**Task instructions:** Only the lines from the one that includes "NM license plate 826TSI" through the last line below belong in the reply, copied exactly and without pictures.

**Source material:**
****

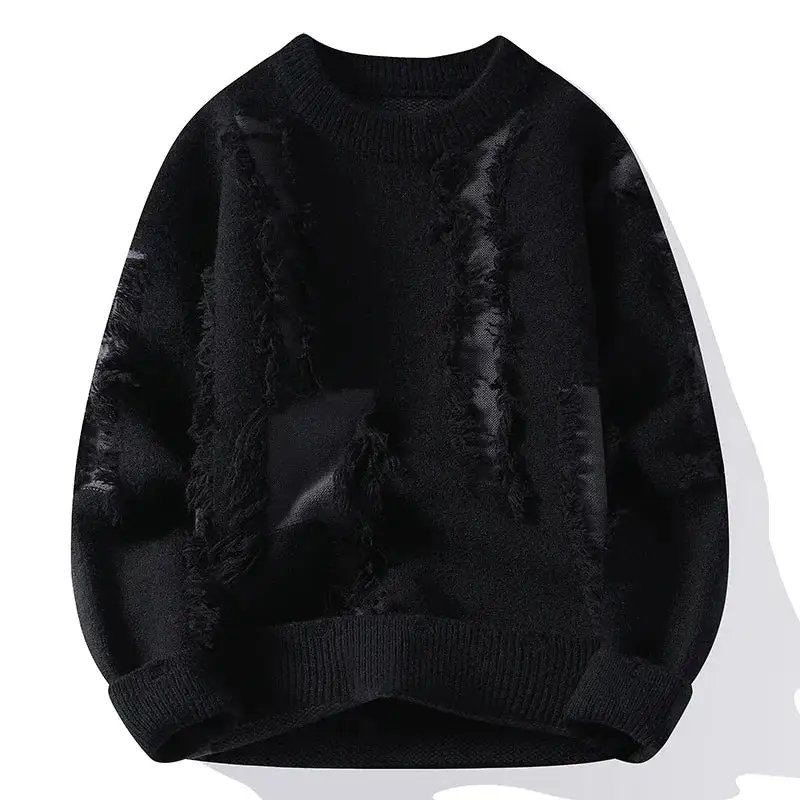 Fringe Detail Crewneck Sweater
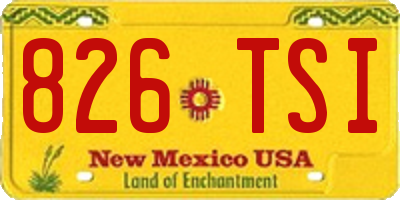 NM license plate 826TSI
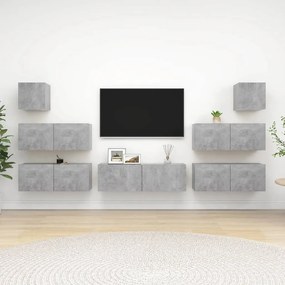 Set de dulap TV, 7 piese, gri beton, lemn prelucrat 7, Gri beton, 100 x 30 x 30 cm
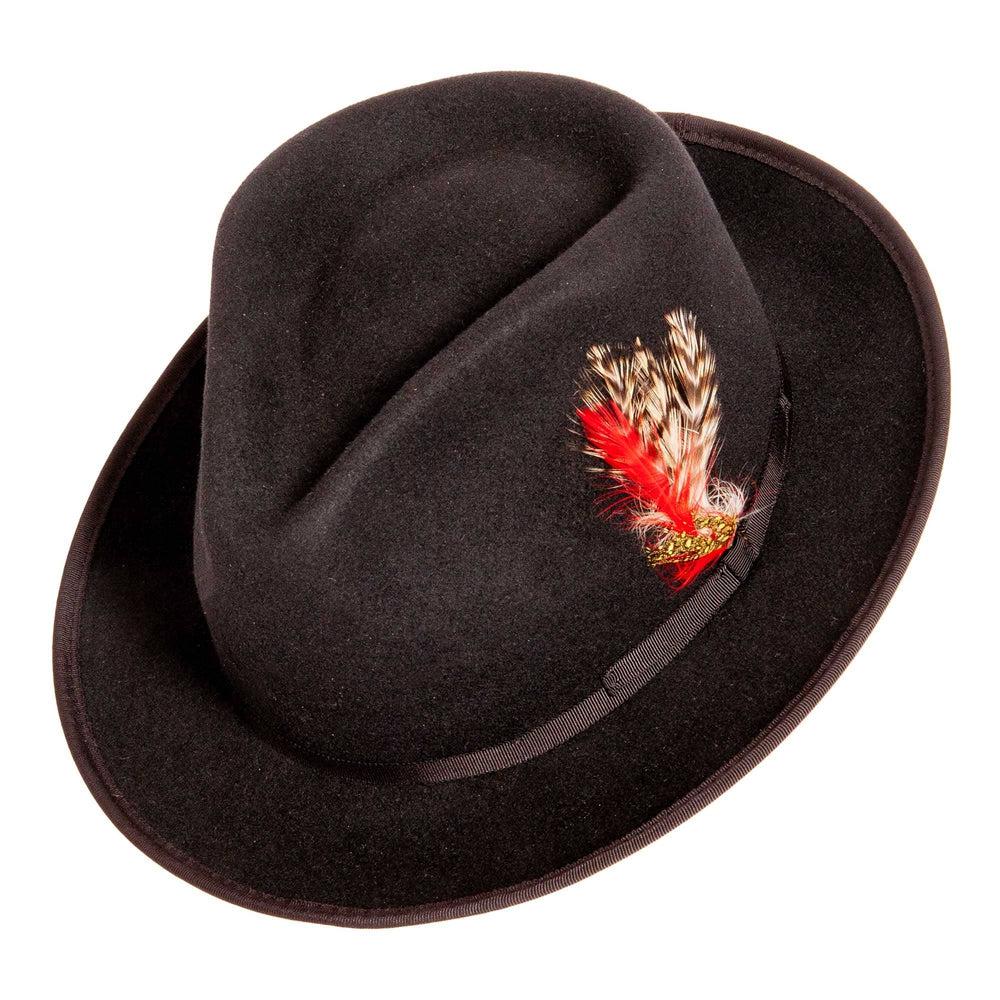 An right angle view of the fillmore black hat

****

**Written reply:**
 NM license plate 826TSI
 Set de dulap TV, 7 piese, gri beton, lemn prelucrat 7, Gri beton, 100 x 30 x 30 cm
 An right angle view of the fillmore black hat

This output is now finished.